A little known law in the UK allows you to get your credit report from all three major credit reference agencies for pennies.
The agencies and service resellers have been promoting ‘FREE’ instant access to credit reports. Of course its not free — you have to agree to sign up to a monthly fee which you are stuck with unless you cancel within the trial period, sometimes as short as 10 days. In addition itappears that at least one reseller uses your personal data for unrelated marketing purposes ‘with your consent’ (it’s in the small print).
The Data Protection Act 1998 (and its predecessor, the 1984 Act) has always provided a right of access to personal data held about you. This is called a Subject Access Request, and you can write to any organisation holding personal data (that is to say, data about living persons) and request a copy of everything they hold on you within 40 days. The Act provides that the data controller or data processor (that is to say, the organistation or person with the data) can charge you.
The law sets a statutory maximum fee. And guess what! It seems that every data controller the law applies to invariably charges the maximum fee allowed, which is ten pounds (just under 12 euros at the time of writing).
There are three major credit reference agencies in the UK. Experian, Equifax and (relative newcomer) CallCredit.
So if you filed a normal Subject Access request with all three, it would cost thirty pounds. And if you did this three or four times a year, it would be a similar cost to paying say ten pounds a month for their paid-for services.
But there’s a little known provision in the law that enables you to get your credit reports for pennies.
Long before the 1984 Act was even thought of the Consumer Credit Act 1974 introduced for the first time in Great Britain, the right of consumers to access their credit file.
At the time the Act was drafted, the credit industry in the UK was very much in its infancy.
VISA and MasterCard as we know them today didn’t exist. The only payment card accepted internationally was American Express (restricted to the sort of people who today have Platinum Amex cards)

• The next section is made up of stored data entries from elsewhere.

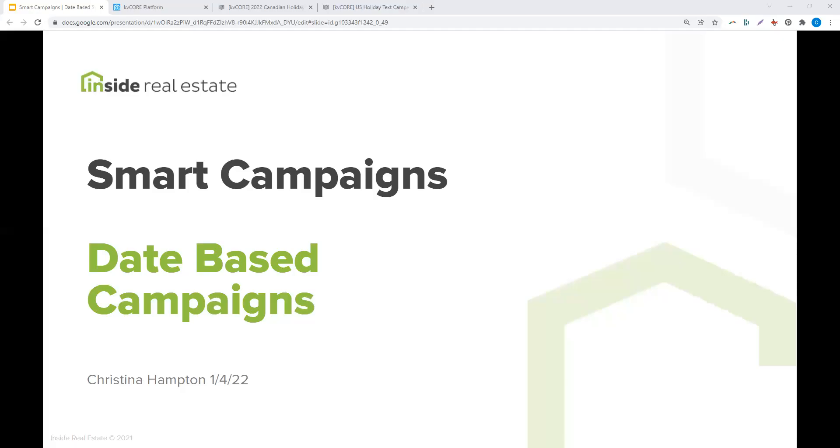Hello, today we are going to review smart campaigns, specifically creating date-based smart campaigns.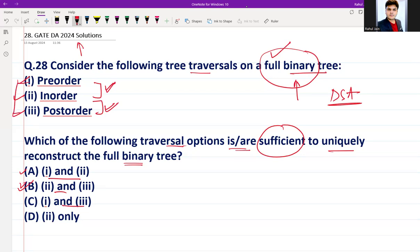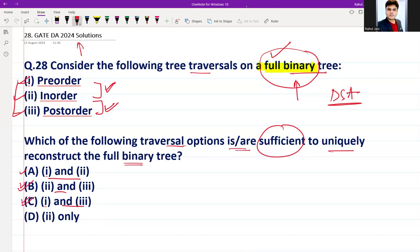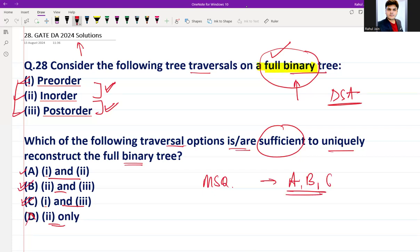Since the condition given is that it is a full binary tree, yes, one and three — using pre-order and post-order — we can also uniquely reconstruct the full binary tree. Option D, which is in-order only, is not sufficient. This was an MSQ question and the correct answer as per the official GATE DA 2024 answer key is A, B, and C.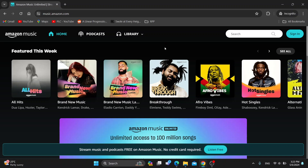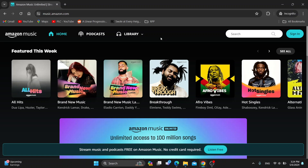Hey everybody, what's up and welcome back to today's video. Today I'm going to be showing you how to find your playlist that you have created in Amazon Music. This is a very simple thing to do, so make sure to watch this quick and easy video till the very end and follow my steps correctly.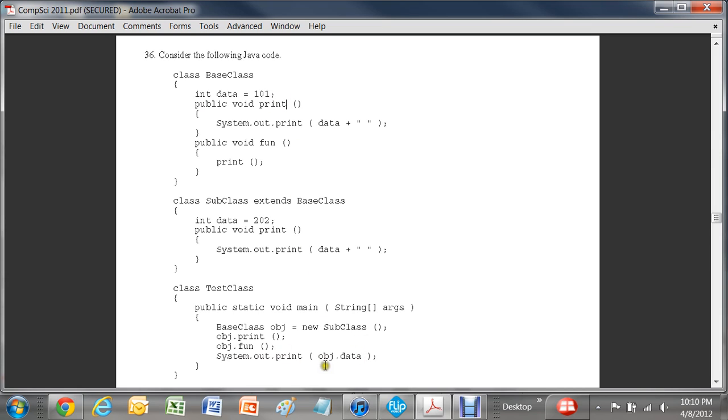It very specifically says obj.data. And anyway, so that's what the answer is. The answer is D: 202.202.101.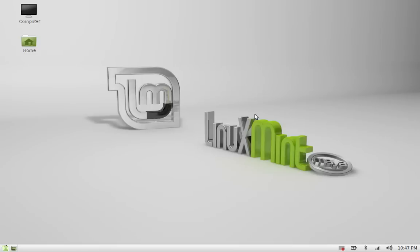Hello friends, in this video I'm going to talk about a very useful and handy dictionary application on Linux Mint called GoldenDict. Apart from complete English word definitions, it has various other features like it is linked to Wikipedia and other websites, pronunciation, and other features. Let me show you first how to install this.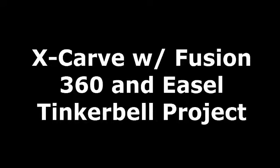What's up guys, this is BeamCold2047 and this is my process for creating a Tinkerbell project using the X-Carve and Fusion 360 to cam it and Easel to read it and send it to the machine.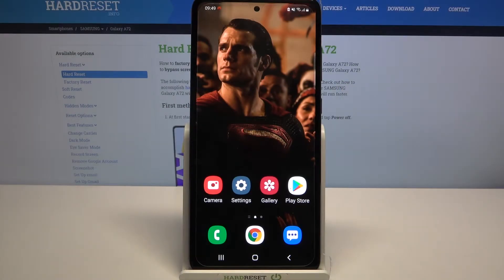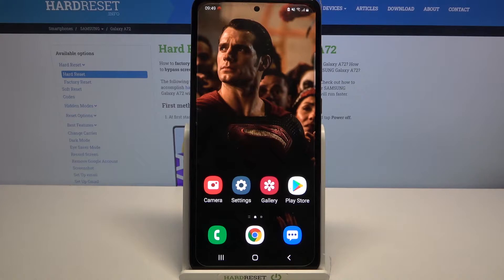Hi, in front of me is Samsung Galaxy A72 and today I would like to show you how you can download and apply a live wallpaper called Magic Fluids.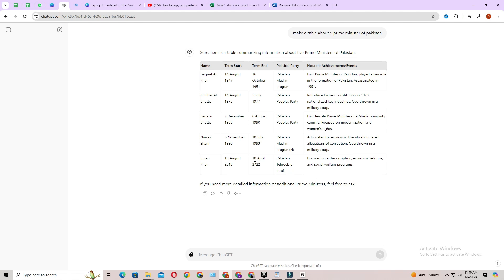Hello everyone, in this video I will show you how to copy and paste a table from ChatGPT to Word. So let's get started.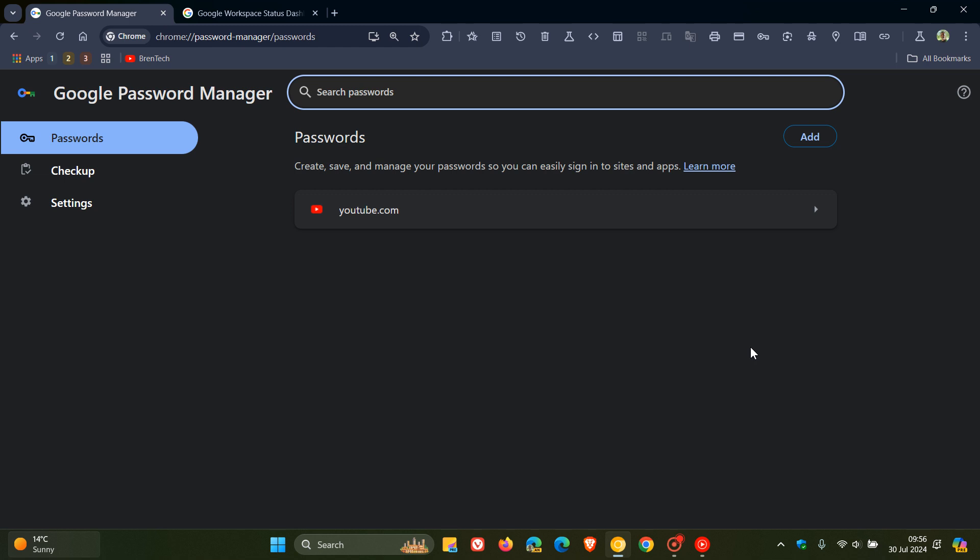So this was only affecting Windows users after the upgrade to Chrome version 127. Now apparently the problem started on the 24th of July, which was obviously last week, and lasted for approximately 18 hours.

Before 1972 only one UK bank offered a credit card, which was called ‘Barclaycard’ . Introduced in 1996, it is a brand name which still survives today, but now as one among many VISA cards. It was very cleverly advertised, with cinema ads showing a girl equipped with a bikini and nothing else but her Barclaycard.. (Although there are plenty of other Barclaycard ads on YouTube this one doesn’t appear to have survived). In 1972 the other three of the ‘Big Four’ Banks, launched Access (which became know as ‘your flexible friend’ only to disappear into the MasterCard brand many years later). Prior to this time the only credit available to consumers were expensive ‘overdrafts’ and expensive and onerous ‘hire purchase agreements’.
With all this activity, the UK Government instituted a right to see your credit file at a minimal cost. This was contained in the Consumer Credit Act 1974.and provided that not only could you get to see your credit file for a very small fee, but also that the credit reference agencies must correct it if it was wrong.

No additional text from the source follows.